There’s our man, 40’s, a writer, content to have his loneliness eased and his evenings occupied, maybe a bit of a failure. There’s our girl, 22, beautiful and vaguely melancholy, loves tarot cards and afraid of living alone in the city, divorced with an off-screen daughter, 4 or 5 already. She is unable to “gouge out…her own private ingot of happiness,” until, enter the rich guy, Howard, a friend of a friend who offers her $1,000 to go to bed with him.
The story is in motion. We know how it ends.
This seed having been planted, our writer watches her slow, drifting absorption into another life, pulled into orbit by the undeniable honeyed gravity of financial security. They break up and he hates her, he suffers (“I found myself horribly susceptible to small animals, ribbons in the hair of little girls, songs played late at night over lonely radios.”), wishes he could “really cultivate some impressive vice.” It’s almost boring, until she calls him back. Their spontaneous vacation to Atlantic City is the miserable, grating climax of the whole thing–with a backdrop of wrong hotel, wrong furniture, raw nerves, and bad sex (…rape? It’s neither no-means-no nor yes-means-yes, but horrible to read), we watch hopeful reconciliation harden into fatigue, annoyance, old resentment. They drive home the silent five hours home in the middle of the night. She’s gone, “happily bedded down with a textile company and a couple of chemical subsidiaries, which of course wasn’t the gentlemanly thing to say.”
There’s an economized metonymy throughout–you want to use terms like gem, novella, and refined–but I’m not sure if the end result of all this craftsmanship is anything but the flat deep impression of bleakness.

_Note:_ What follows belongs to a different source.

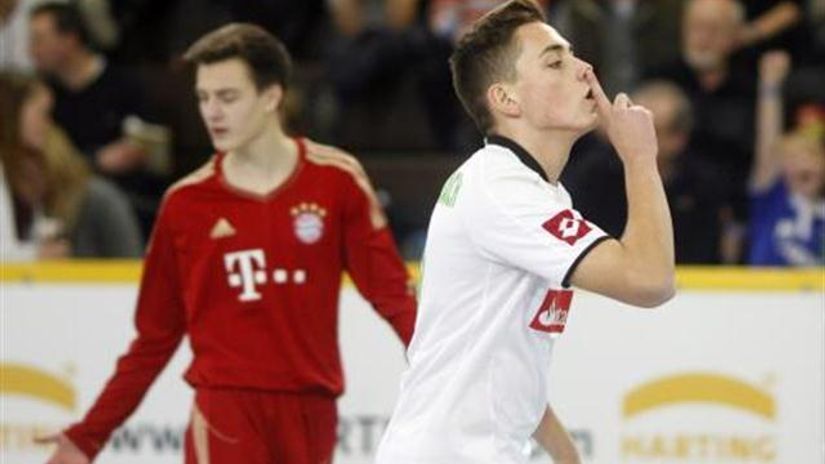 "Denis Jovanović u duelu sa vršnjacima iz Bajerna"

The images that remain are the sexual elisions–the curl of hair in the bedsheets, the horrible discovery of toothmarks beneath a black turtleneck–but stronger by far is the feel of sulky antagonism.
Could you even write a book like this, now? So much is different, but, on the other hand, so much still boils down to money, feeling safe.
Beautiful. Total downer. Maybe bad to read in the pre-spring underworld weeks of March, and, warning: if you’re an overactive empathizer, you a) might have to guard against letting the antagonistic sulks bleed into your real life, and b) will hallucinate an old boyfriend somewhere in public exactly one (1) time while reading.